Bond holders of a much larger firm, Wockhardt Ltd, are also likely to get a raw deal when the bonds come up for redemption next month. The company is under a corporate debt restructuring programme and FCCB holders may either have to take a large haircut on their initial investment or resort to legal action against the company.
For now, these seem like a few cases of default and far between.
According to a banker with the Mumbai office of an overseas bank, who didn’t want to be identified, there may hardly be any more defaults since the availability of funding is much easier now both through the equity and debt routes. Whenever a repayment is due, companies can raise fresh funds if internal accruals are insufficient and repay the bond holders, the banker says. In fact, a few firms such as Firstsource Solutions Ltd have taken fresh external debt and have bought back bonds at a discount, thereby reducing their overall debt burden, well before the bonds come up for redemption.
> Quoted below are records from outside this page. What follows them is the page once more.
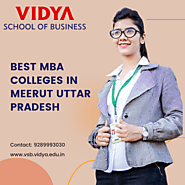 Best School for Business Management | Top MBA College in Delhi NCR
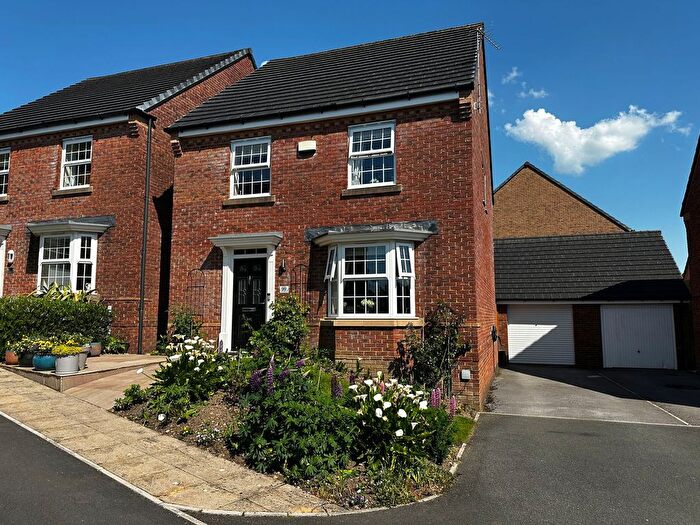 4 Bedroom Detached House For Sale In Ffordd Maendy, Sarn, CF32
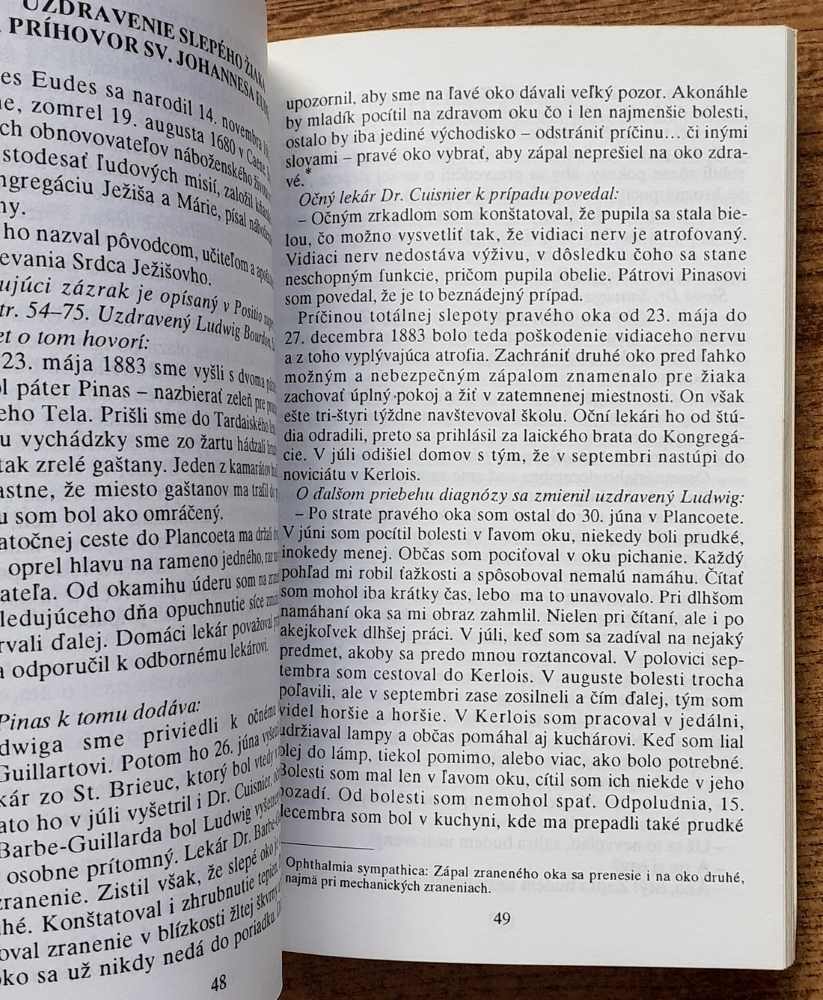 Zázraky sú skutočnosťou / Svedectvá z vatikánskych archívov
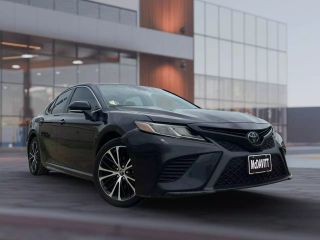 Image of 2018 TOYOTA CAMRY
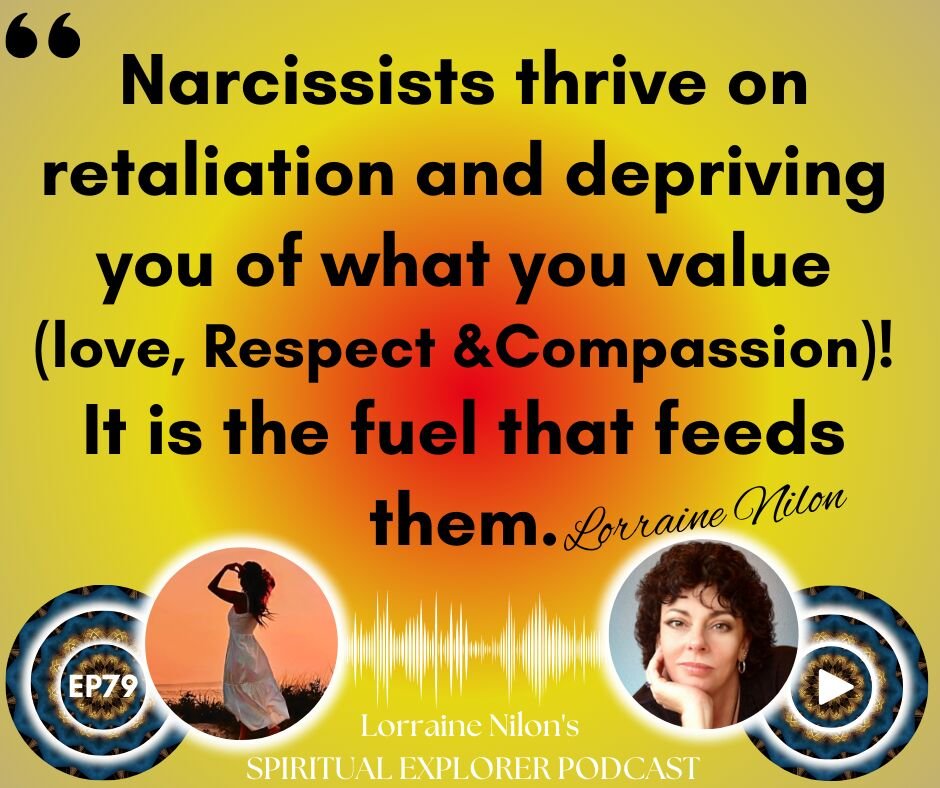 Lorraine Nilon Narcissist QUOTE: photo of Lorraine Nilon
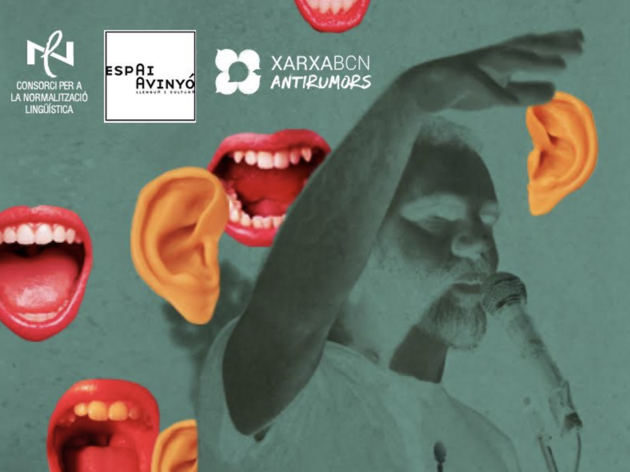 Poetry Slam #AturemRumors + trobada poètica plurilingüe Poetry Slam #AturemRumors + trobada poètica plurilingüe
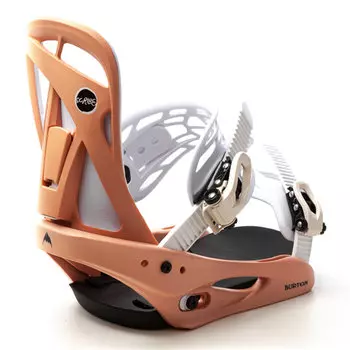 Крепления для сноуборда женские Burton Scribe Coral 2021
But from the next year onwards, and especially in 2011, when a number of FCCBs mature, bond holders may be in for some more pain.
Companies such as Subex Ltd, whose convertible bonds mature in 2012, have an extremely high debt position and raising fresh funds may not be easy. The company recently announced an exchange offer for its bond holders without revealing details of the new bonds.
In the past, Suzlon Energy Ltd has been successful in getting some of its bond holders to participate in an exchange offer. It must be noted that even in such cases, bond holders end up taking a hit on their investment.
The main problem with FCCBs is that a large number of Indian companies viewed them as equity issuances and gave little or no thought to these instruments ending up as debt on their books. So in internal calculations, they never featured in their calculations of debt, leading to insurmountably high debt levels, as companies such as Wockhardt and Rasandik have now discovered.
Bond holders, too, ignored sound investing principles and just assumed that a rapid rise in the Indian stock market would lead to a conversion of the bonds.
But what’s even more interesting is that in the case of Venus Remedies, it seems to be a case of a wilful default, says another banker with an overseas firm. According to this executive, the company unsuccessfully tried negotiating with bond holders, which include some hedge funds.
FCCB holders are no ordinary investors; they are typically large investment firms and Indian companies should expect intense legal action from them in the event of a default. To be sure, Venus Remedies’ bond holders have filed a winding up petition against the company, according to The Economic Times report.